After David insists that the fraudulent charges' prices are a numerical clue, Charlie realizes that the numbers are an IP address (275.3.60.28) that Amita is using as a mirror site. He also realizes that she wants to create a fake cyberattack on the bank, which holds a large percentage of the nation's debt. The team assumes that Dureya wants anarchy to arise from the bank's collapse. While the team discusses their theory, Larry tells the team that the wood pieces are a Burr puzzle. Don, inspired by the Burr puzzle, persuades Piper to reveal Amita's location. The FBI team and Charlie arrive at Dureya's hideout as Amita launches the "cyberattack". During a shootout with the cult, Amita learns that Dureya wants fame and a confrontation with the FBI, not anarchy. The team rescues Amita, who runs to Charlie. Back at the FBI office, Larry, David, Colby, and Liz celebrate the case's successful resolution while Nikki and Ian leave for a date. Don returns to Charlie's house where Don thanks Alan for the clue; Don and Alan also discuss Don's crisis of faith since his recent stabbing. At CalSci, Charlie proposes to Amita.

==Production==

===Writing===
In separate TVGuide.com interviews, actors Rob Morrow and Alimi Ballard mentioned the season finale was a cliffhanger. Writers chose to end the season with Charlie's proposal to Amita as the cliff-hanger. Numb3rs series regular Navi Rawat told Adam Bryant in a TVGuide.com interview that, in contrast to her other dangerous situations, Amita's kidnapping was unexpected and intense for her. As a result of the incident, Amita reprioritized her life. The storyline continued with Amita's response in the season six season premiere "Hangman", where she accepted his proposal and asked him to keep her response a secret until he asked her father for her hand in marriage. The writers and producers created the resolution since they had earlier established that Amita's family was a traditional Indian family.

===Casting notes===
James Callis, previously on Battlestar Galactica, portrayed the cult leader. Seeing it as an opportunity to portray a new character, Callis auditioned for the role of Mason Dureya. A British actor, he had previously played an American twice before, once in the BBC series "A Dance to the Music of Time" and the other in "West End". The director and the producer told Callis that they did not want Dureya to sound too southern.
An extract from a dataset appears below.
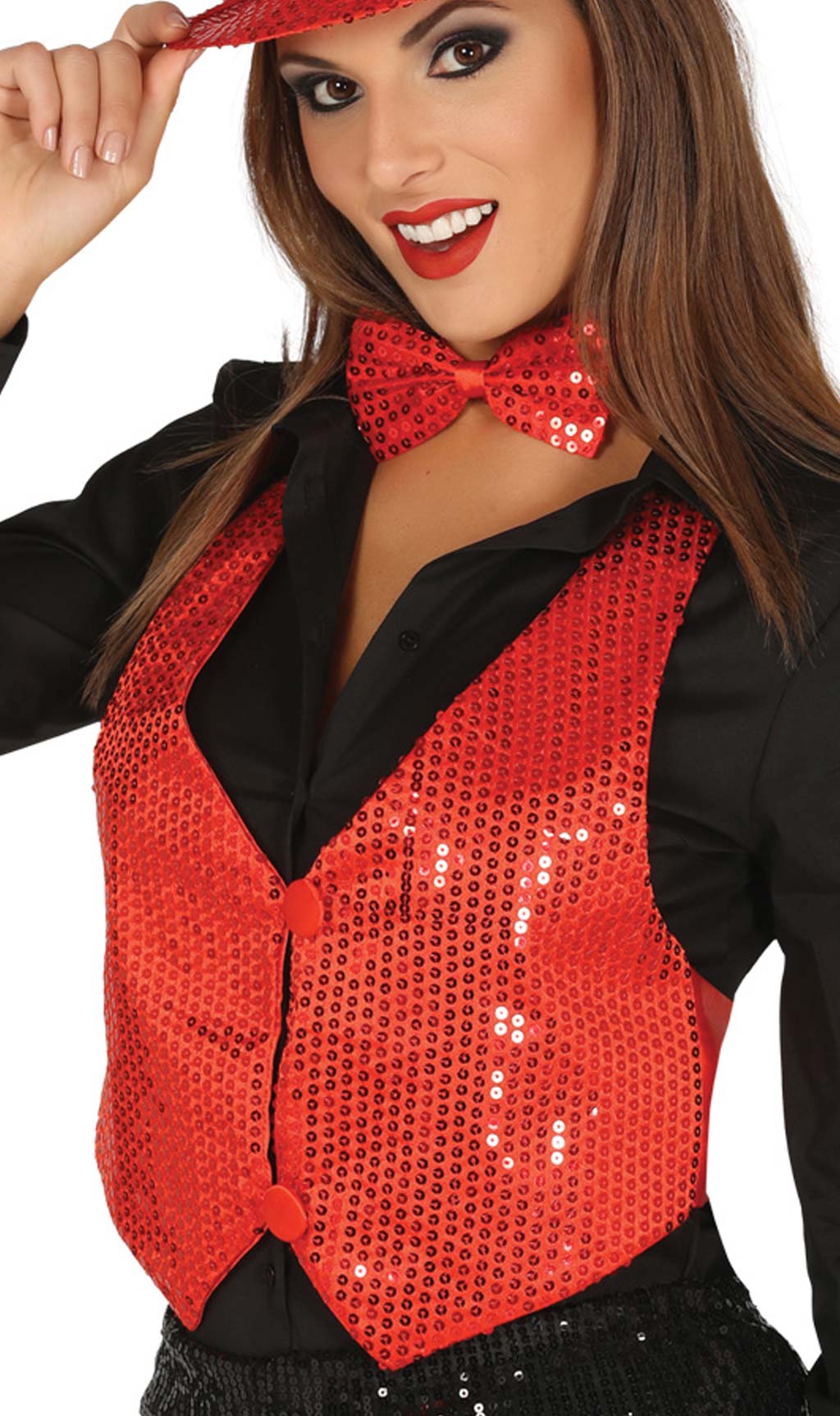 Gilet Paillettes Rouge femme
Callis did not research cult leaders but instead chose to derive Dureya's behavior from the episode's dialogue.

==Reception==
Critically, the episode was very well received. Brian Zoromski, a reviewer at IGN.com, stated that the episode "wasn't going to be a typical episode" and gave "Angels and Devils" a 9.0 rating. Matt Fowler, another reviewer at IGN.com, called the episode "taut". Tim Holland of TVGuide.com called the episode "an emotionally demanding hour". Matt Mitovich, also of TVGuide.com, called the episode "very chilling".
Jeffrey Robinson of DVD Talk called "Angels and Devils" "thrilling" and one of "the best" episodes of the season.